DEIB work will have a more profound impact on both employees and employers
I hope to see a shift to a more inclusive approach to work that meets both individual and business needs. We need to find the sweet spot in balancing individual and collective preferences; enabling employees to work in a way that suits them, and also meets business needs.
Employers will need to be prepared to have confident, open conversations, be willing to try things out, listen and make changes to remove barriers where they arise. It will take trial and error. But the pay-off will be worth it, enabling both employee and employer to thrive.
The Employee Value Proposition (EVP) will be designed almost entirely around wellbeing
Gethin Nadin, Award-winning Psychologist and Chief Innovation Officer, Benefex
As we enter 2023, I think we will see the EVP as we know it rebuilt to focus on employee wellbeing. Rather than be designed around the financial renumeration an employee gets in exchange for the work they do, we will see a widespread commitment from employers to set their EVP stall out as “come and work here and we will take care of you when you need it”.
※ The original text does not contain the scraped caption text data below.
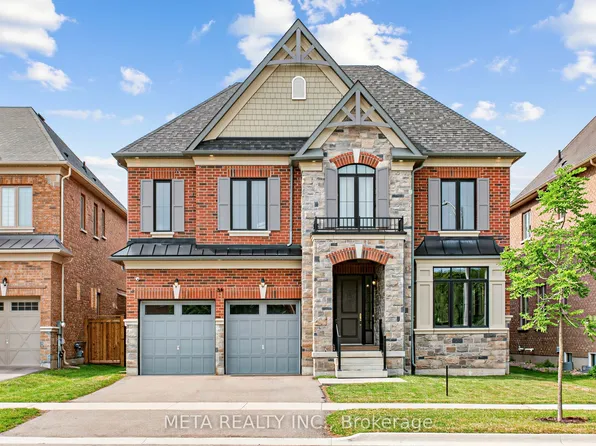 56 Klees Cres, Aurora, ON L4G 3W8
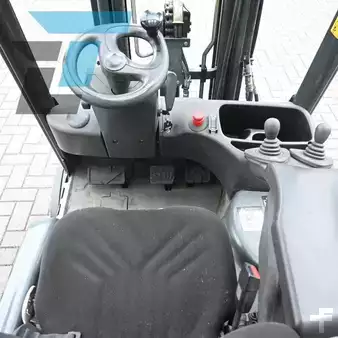 Elektro čtyřkolový VZV 2012  Linde E20PL-01 (13)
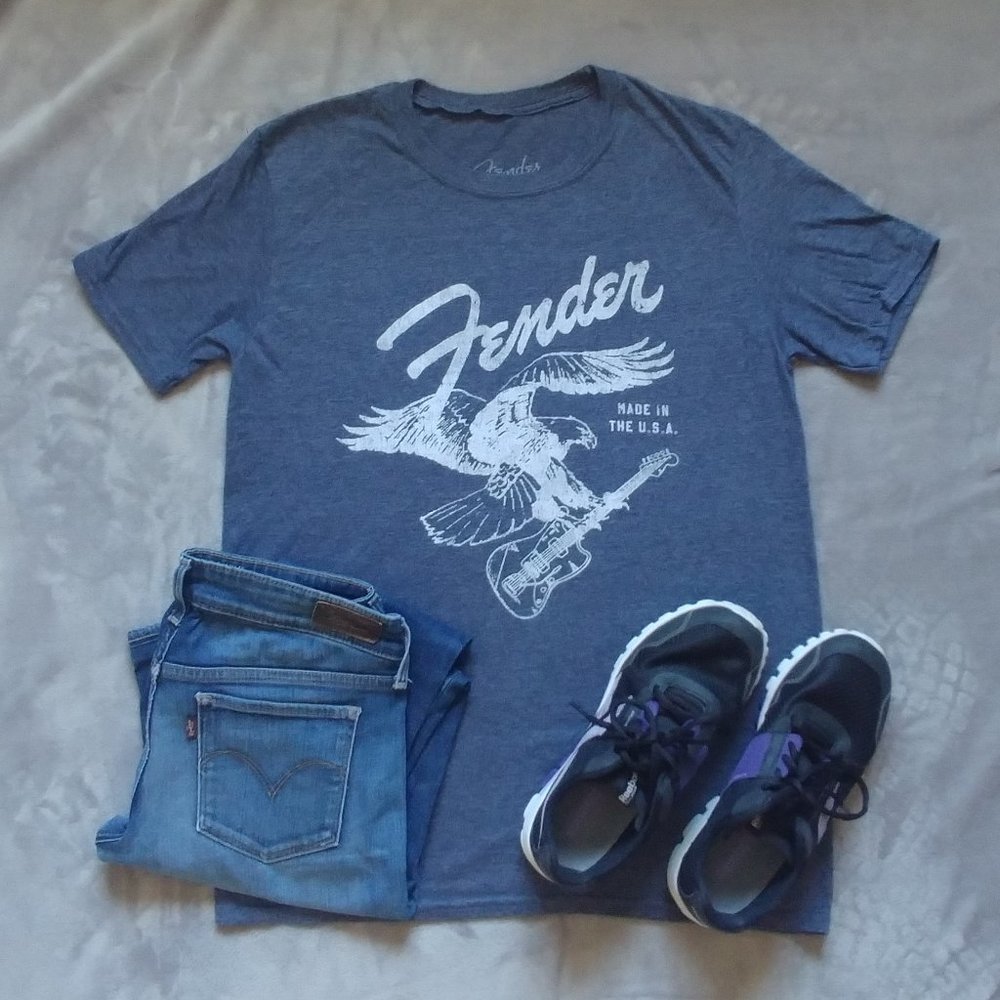 🎸 Fender Tee
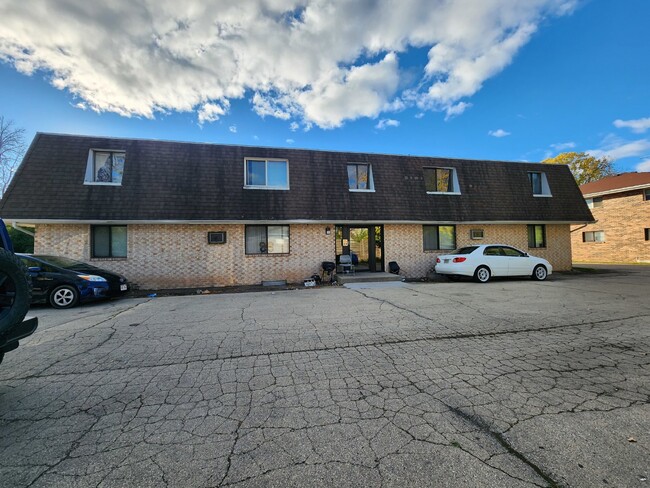 Building Photo - 2-Bedroom  Upper in a 8plex building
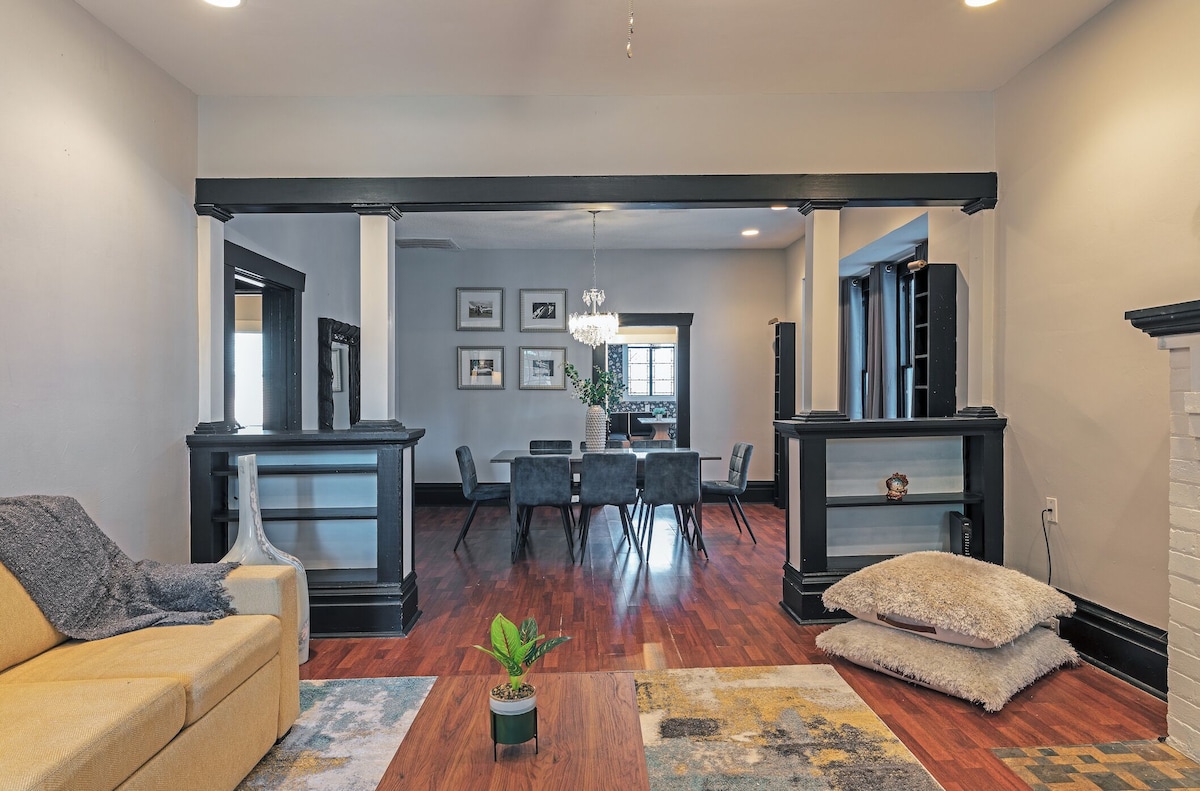 Photo 5 of 2BR City Serenity! A Cozy Montrose Private Home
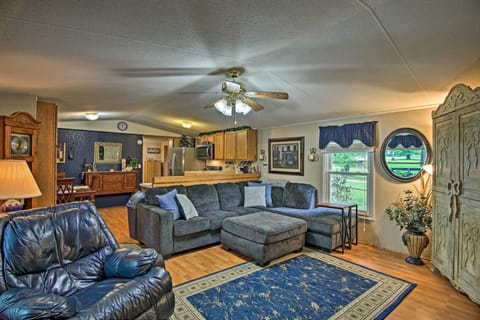 Living Room | Smart TV w/ Cable & Streaming (HBO, Cinemax, Showtime, Netflix)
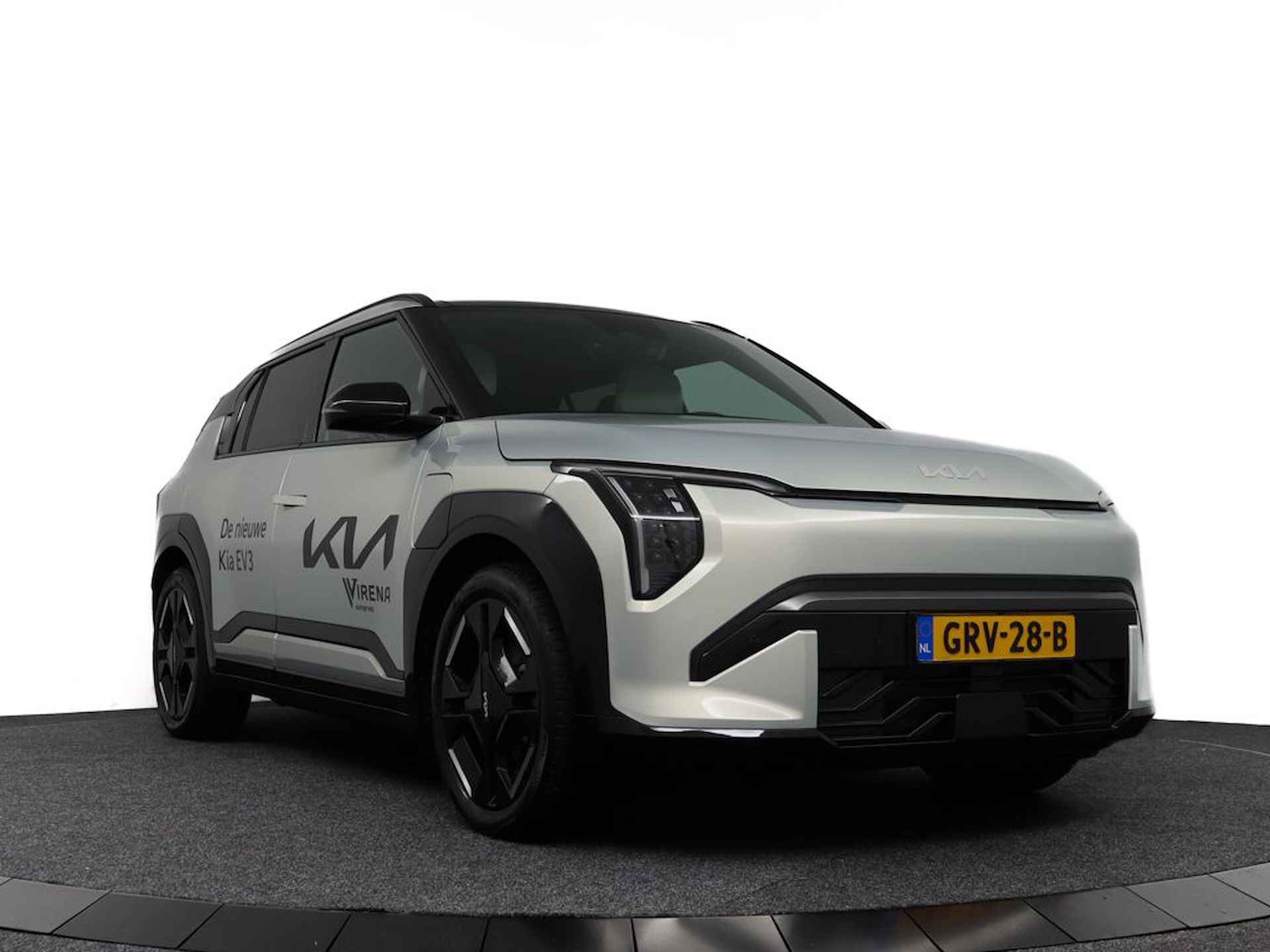 Kia EV3 GT-Line 81.4 kWh - *DEMO* - Draadloze Apple CarPlay / Android Auto - Stoel en stuurwiel verwarming - Panoramadak - Harman Kardon Audio - Dodehoek assistent - Fabrieksgarantie tot 11-2031 - 12/56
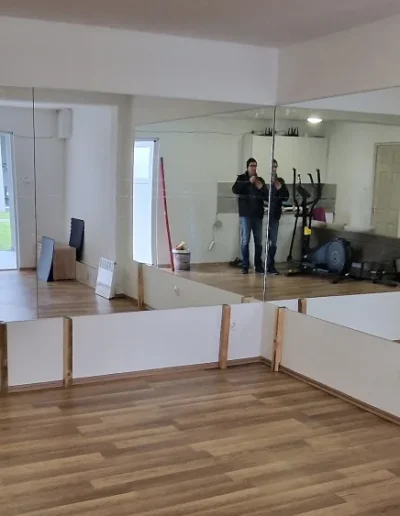 tükör készítés és beépítés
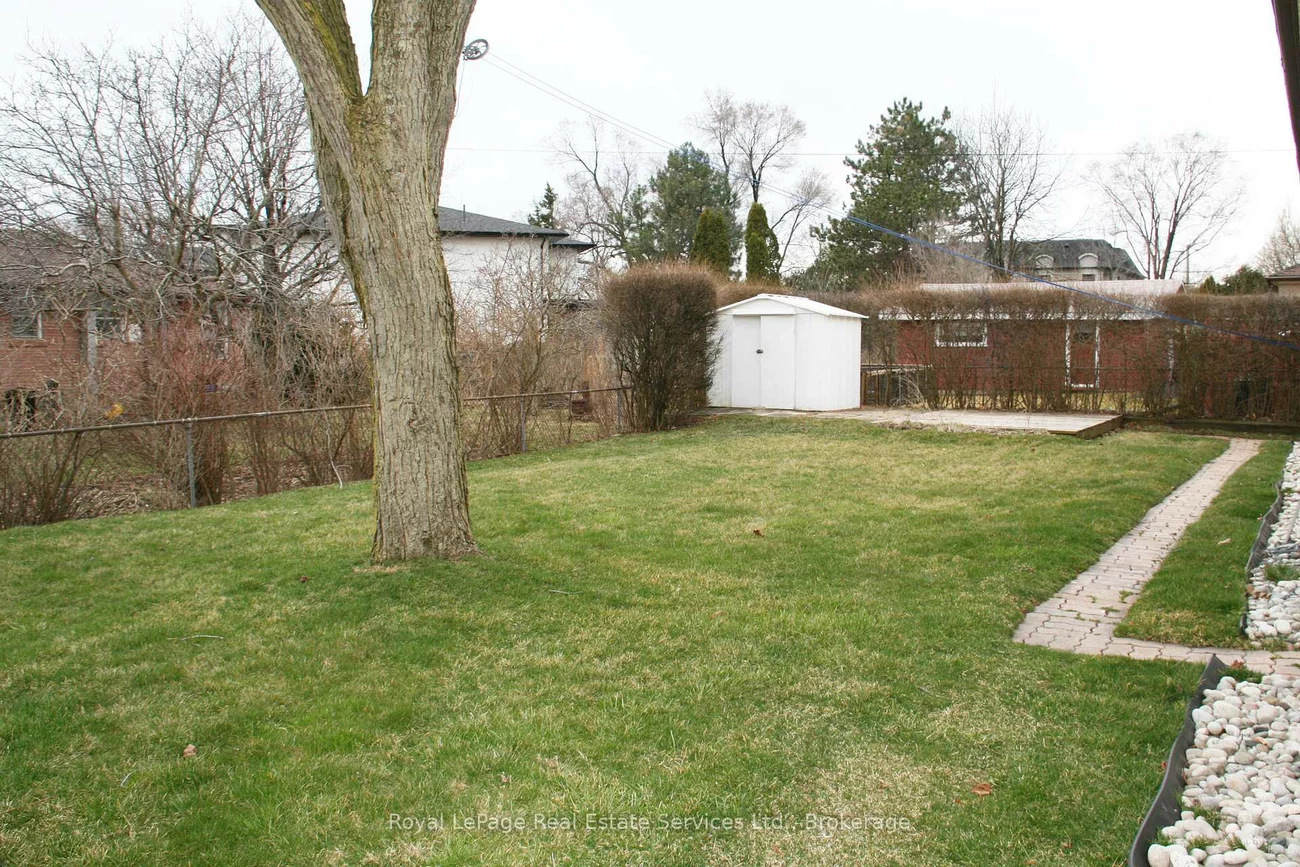 2072, Bridge, 1020 - WO West, Oakville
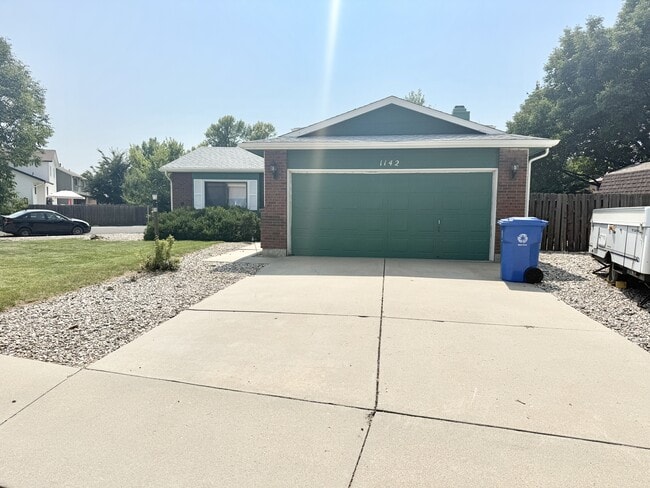 1142 Silver Fir Dr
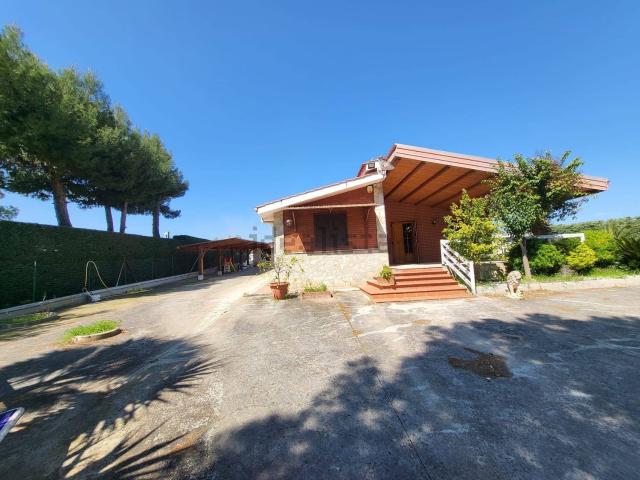 Case e ville in vendita di 110 m² in Via Castel del Monte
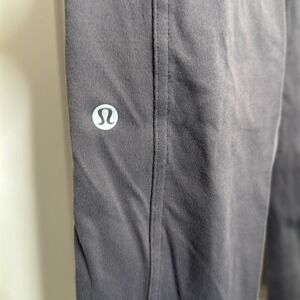 Lululemon Run on joggers in Dark carbon (gray) size 4. Inseam is 28" full length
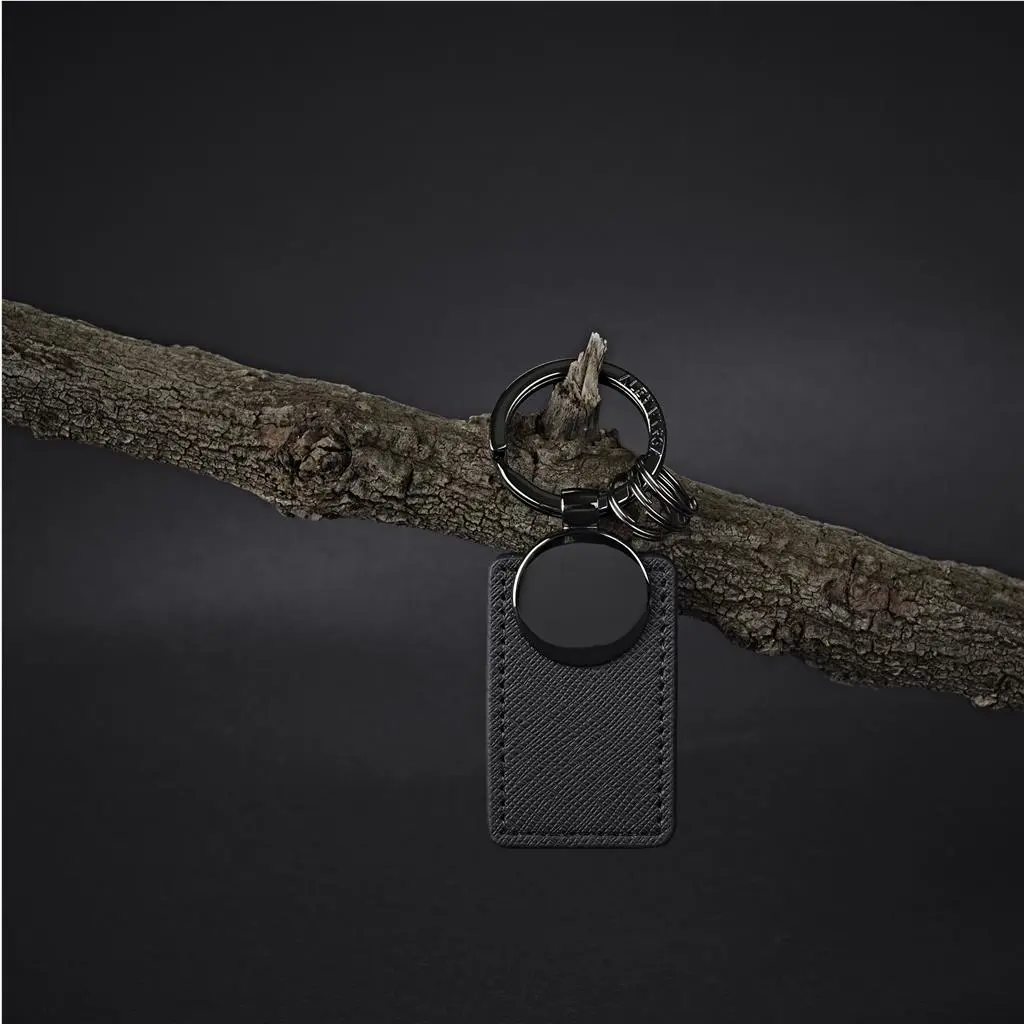 Alex Varga Oriota Keyholder
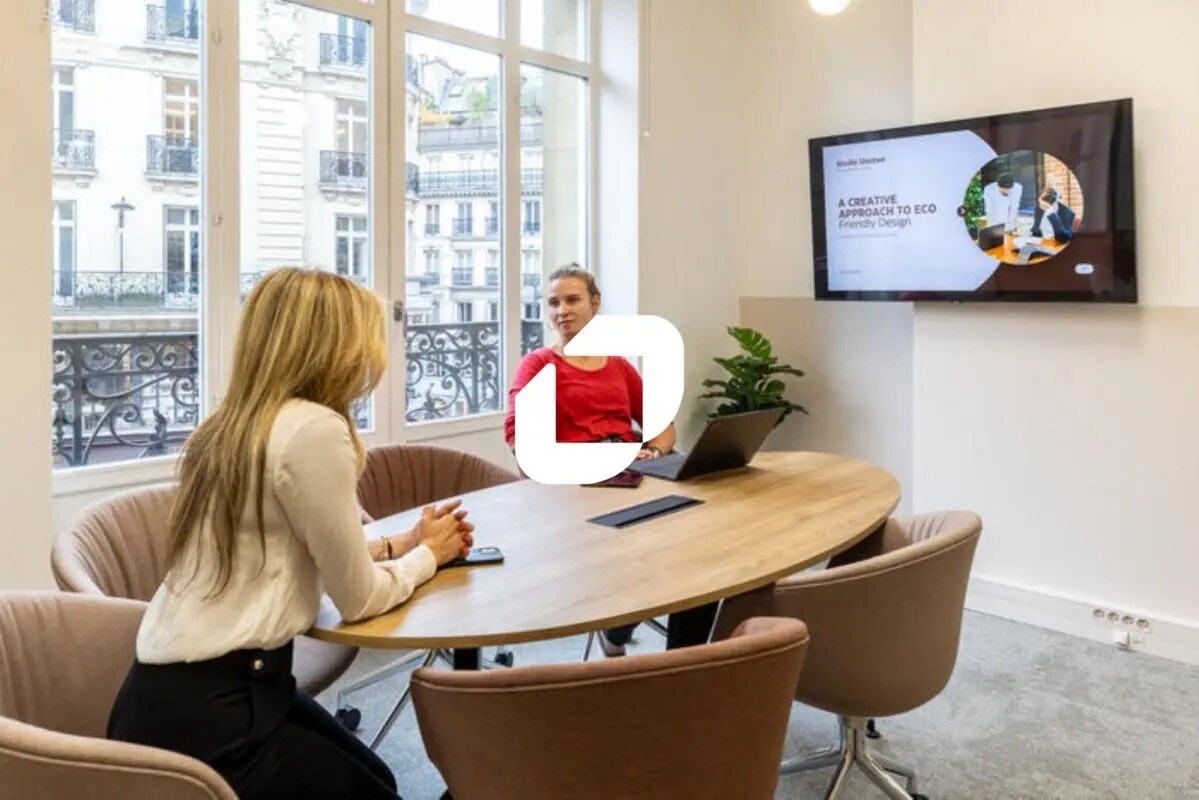 Office in Paris for lease Interior Photo- Image 1 of 11
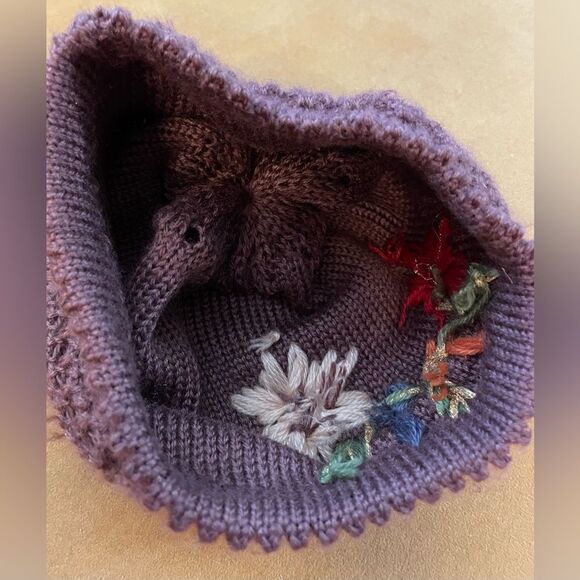 Flower Crochet Beanie Flowers Rhinestones Brown - Picture 4 of 4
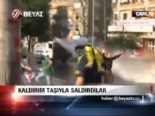 taksim meydani - Kaldırım taşıyla saldırdılar  Videosu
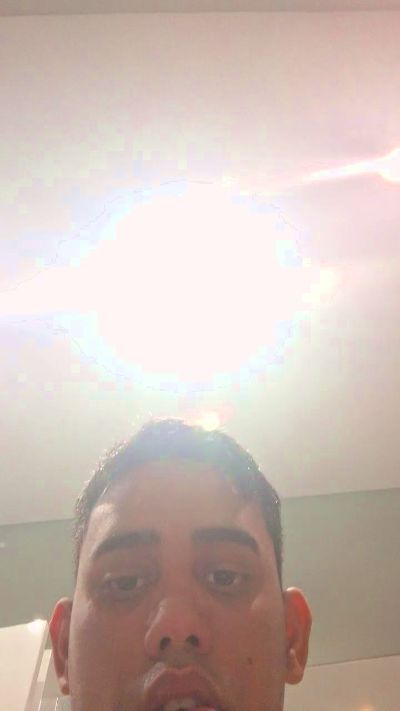 Enriquevk20 live cam on Cam4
For anyone who has needed, and got the support of their employer at a difficult time in their lives, this approach drives loyalty and engagement more than almost anything else an employer can do.
Business-led HR will become even more important in 2023
Deborah Wilkes FCIPD, MD of enable-hr
I sense a new energy rising within HR, and research tells us that organisations’ expectations of HR are rising too. Many in HR are capitalising on their achievements and enjoying new levels of influence. That influence comes from being seen to deliver what the business needs, and in 2023 HR can maintain that clarity and pace.
So, my trend prediction is one that HR can drive: closer partnering with business leaders, business-led HR strategic planning, and getting into the room when leaders are developing their thinking about the future. That’s how HR gets involved in key decisions – and that’s good for everyone.